According to Amico it never died out, it just evolved. If the 60s gave us counterculture, then the 70s gave us subculture.
By 1978, when Amico returned to LA after a brief stint in New York City, the art scene in Venice had all but evaporated; the art community migrated Downtown, inspiring a shift in LA art that was more urban than coastal. Amico rented out the biggest space he could find – a 9,000 square foot studio occupying the entire 5th floor of the old Desmond’s Department Store on Broadway. He and several of his peers did not have gallery representation at the time, so naturally his expansive square footage became a makeshift venue for art events. He hosted exhibitions, big and small, and performances that would give any landlord a heart attack. The most notable of these was the last-minute decision to have a potluck with a 72-piece orchestra.
“It wasn’t arranged with flyers or anything,” Amico said modestly. “It was just like… ok, let’s see what we can do in the middle of the night in Downtown LA”. It was after midnight by the time everyone arrived and the instruments were arranged. The studio windows were opened and the orchestra played for over an hour, flooding the entire block of Downtown with classical music. He laughed and shook his head as he said, “These guys were bringing harps and shit up through the alley at midnight. The people downstairs must have been freaked out.”
I asked him what he called those parties; after all, the term “pop-up exhibition” didn’t exist back then. “We didn’t call them anything,” he insisted. People would simply call up friends and everyone showed up. Some nights it was beer and records, other times it was a curated exhibition – or an orchestra. He even had performances by the Kipper Kids and T-Bone Burnett. With a guilty smile he admitted that one of the local art organizations became rather displeased by the success of his events. “They thought we were going to be their competition, like we were going to start applying for art grants or something… but we were just goofin’.”
But in a way, Amico was their competition; he was an alternative art space before such a phrase existed, and it turns out his timing was impeccable. “Maybe we were the competition,” he conceded, “but not on purpose. None of us really understood the ramifications of any of that… We just didn’t have anywhere else to show our art.”
When asked about the organizing of these shows, Amico gave credit to his friends and colleagues. “My friend Jane Reynolds proposed the first group show in the studio. It was called Individual and Colaborative Works by Nine Artists and it included Fred Dolan, Jenny Holzer, Louise Lawler, Jeffery Lohn, Peter Naden, Joe Potts, Ilene Segalove, Jane Reynolds, and myself.” And subculture exhibition was born.

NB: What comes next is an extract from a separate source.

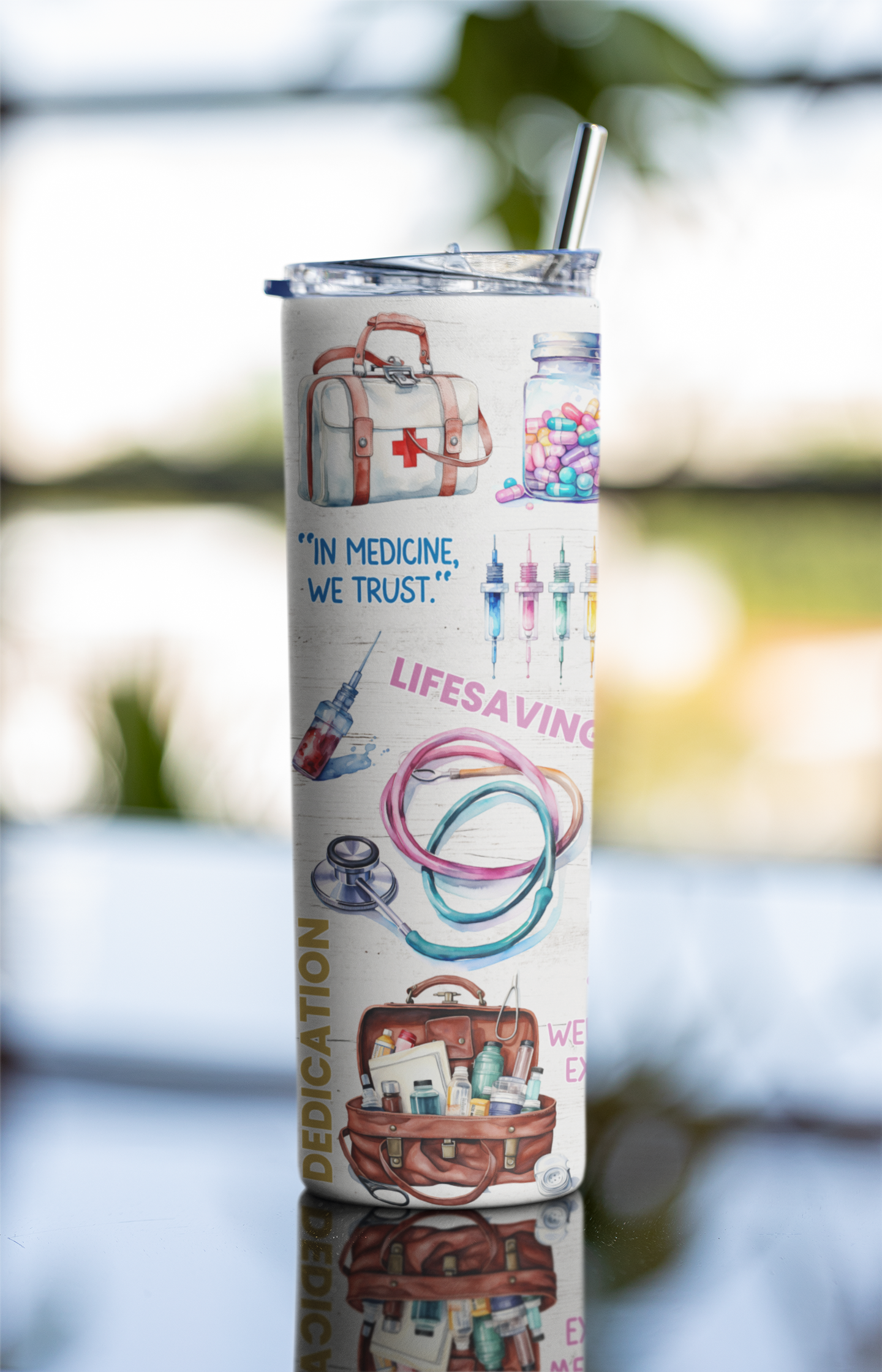 DOCTOR LIFE TUMBLER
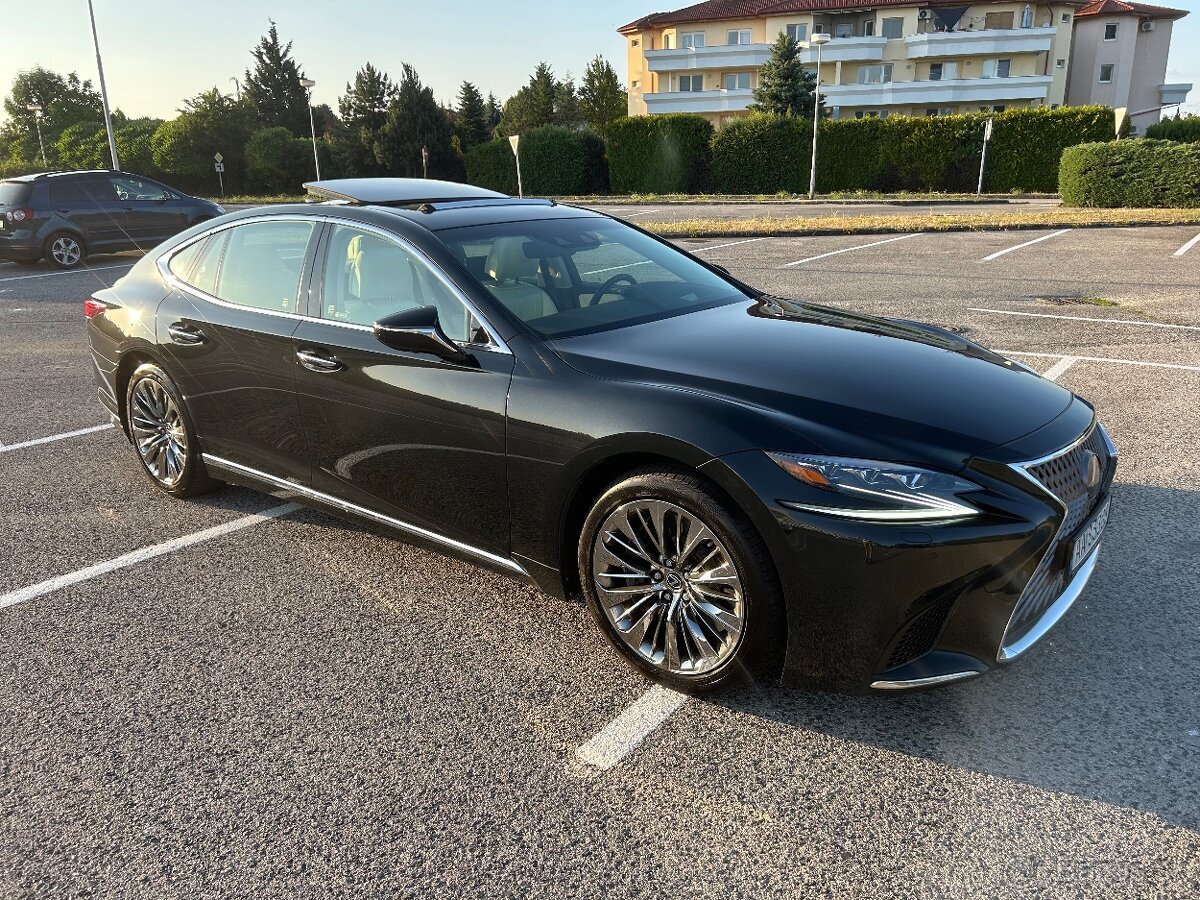 Lexus LS 500h 3,5 Superior jazdene od 2020/Vymena za Lexus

“New York had the same phenomena in the lower east side: Basquiat, Jenny Holzer, Richard Prince – artists and musicians everywhere were feeling it.” And he was right. The punk scene was brand new and The Ramones were rocking out; rap and hip hop were emerging in basements all over Chicago, LA, Detroit, and Philadelphia; artists couldn’t get their work sold in galleries, so they made street art and off-site exhibitions; youthful angst wasn’t out protesting like it had a decade earlier, it was brooding in the local coffee shop.
Amico sees a lot of similarities between those tough times and the ones we face today, comparing the economic uncertainty that bridged the Carter and Regan administrations to the current recession. He voiced his concerns that young artists don’t have enough economic options or an artistic infrastructure to guide them, and he applauded their adaptability, “These young kids today are four or five people to a loft. They do this couch surfing now – what the hell is this?” I tried to explain that couch surfing is for our generation what hitchhiking was in the 70s.
When we got back on topic Amico said, “I’m sure these things” – meaning off-site exhibitions – “are happening again now, I can see it with my students, they’re showing everywhere, getting involved with group shows.” And then he spoke more earnestly, “Whenever you have these bad economic times, these transitions – it builds a community.” Sitting on the roof-deck with the downtown skyline surrounding us on all sides, it seems David Amico has spent his entire artistic life being a cornerstone for community. Then he said, “This forging of alternative paths happens from time to time and when it happens it’s magical – so that’s why I’m upbeat about it now. I don’t think it’s a negative. I think back to those times, and yes they were difficult… but they were outrageously fun!”
There will be an opening reception for David Amico’s latest works on Thursday November 10, 2011 from 7 – 9 pm at Ace Gallery Beverly Hills. The show will remain on view through December.